(Problem description) Leave out all pictures while you copy the lines exactly from the one with "a view of walk in closet with clothes" through the last line of the listing.

(Exercise data)
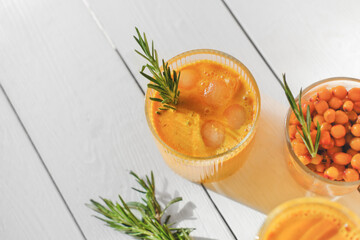 Wall Mural - raw sea buckthorn juice in glasses. with rosemary. antioxidant drinkfor immunity boost in spring. vitamin juice for healthy life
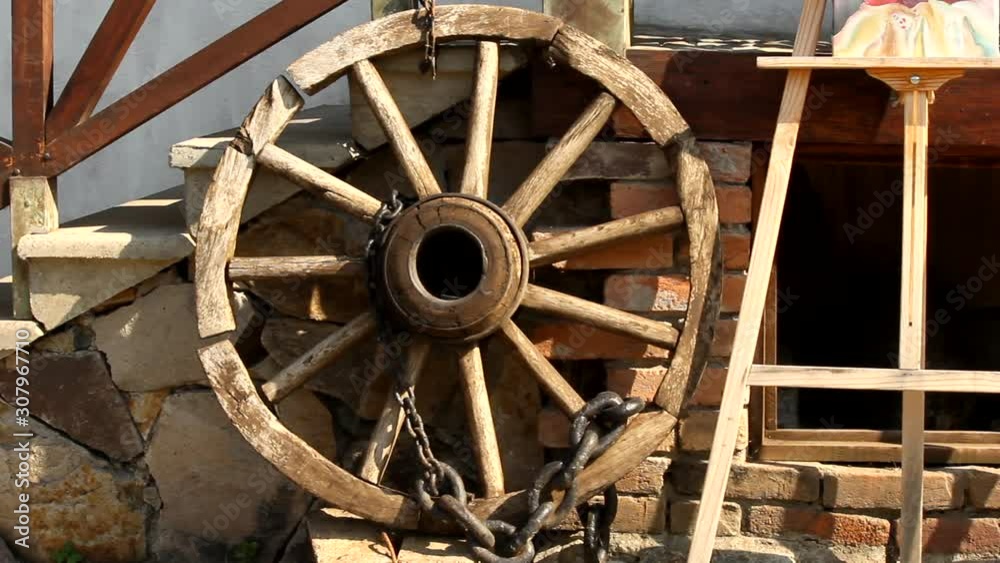 A Large Wooden Wheel And A Wooden Canvass Stand Laying By The Stone Stairs And Fireplace Outside Of A Home In Yuriy Gyumri, Armenia - Wide Pan Shot A Large Wooden Wheel And A Wooden Canvass Stand Laying By The Stone Stairs And Fireplace Outside Of A Home In Yuriy Gyumri, Armenia - Wide Pan Shot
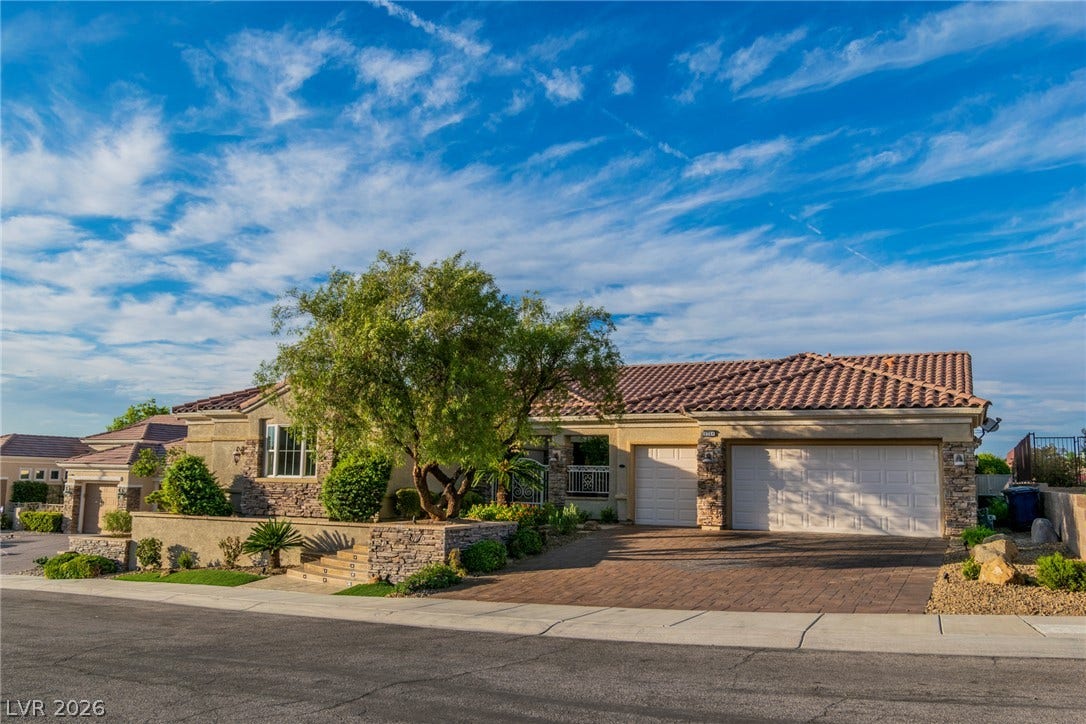 2734 Cherrydale Falls Drive, Henderson, NV 89052 Stone accents and a tile roof define this elegant facade with a paved driveway.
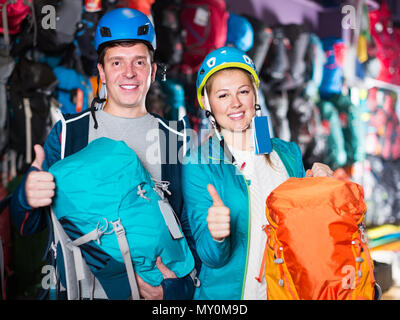 Couple de joyeux les voyageurs au magasin de sport, sacs à dos pour camping spacieux sélectionne Banque D'Images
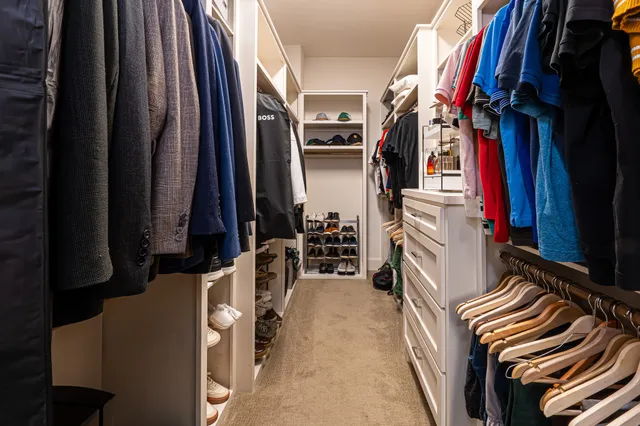 a view of walk in closet with clothes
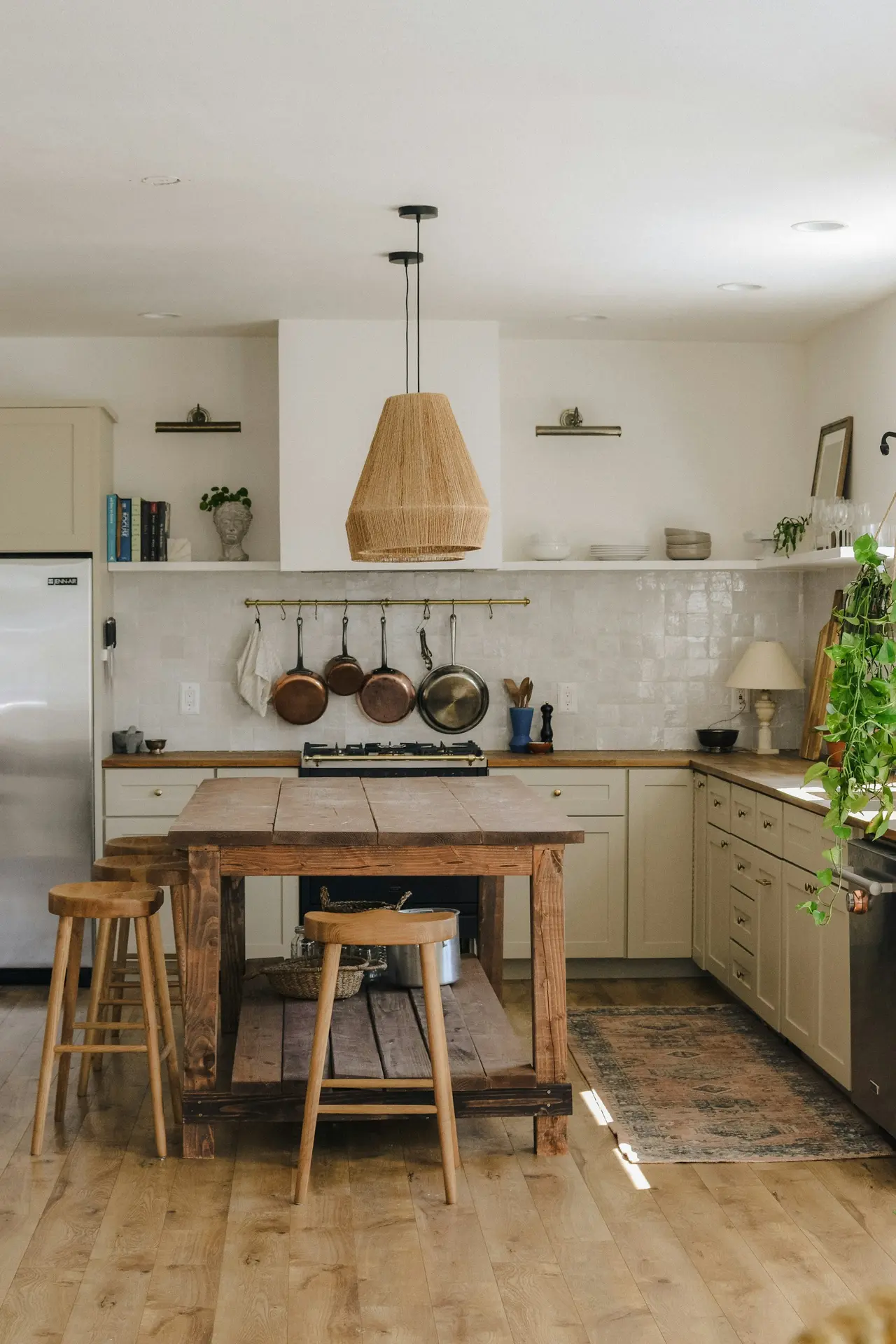 Cozinha rústica com ilha de madeira, banquetas e luminária de palha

(Answer section)
 a view of walk in closet with clothes
 Cozinha rústica com ilha de madeira, banquetas e luminária de palha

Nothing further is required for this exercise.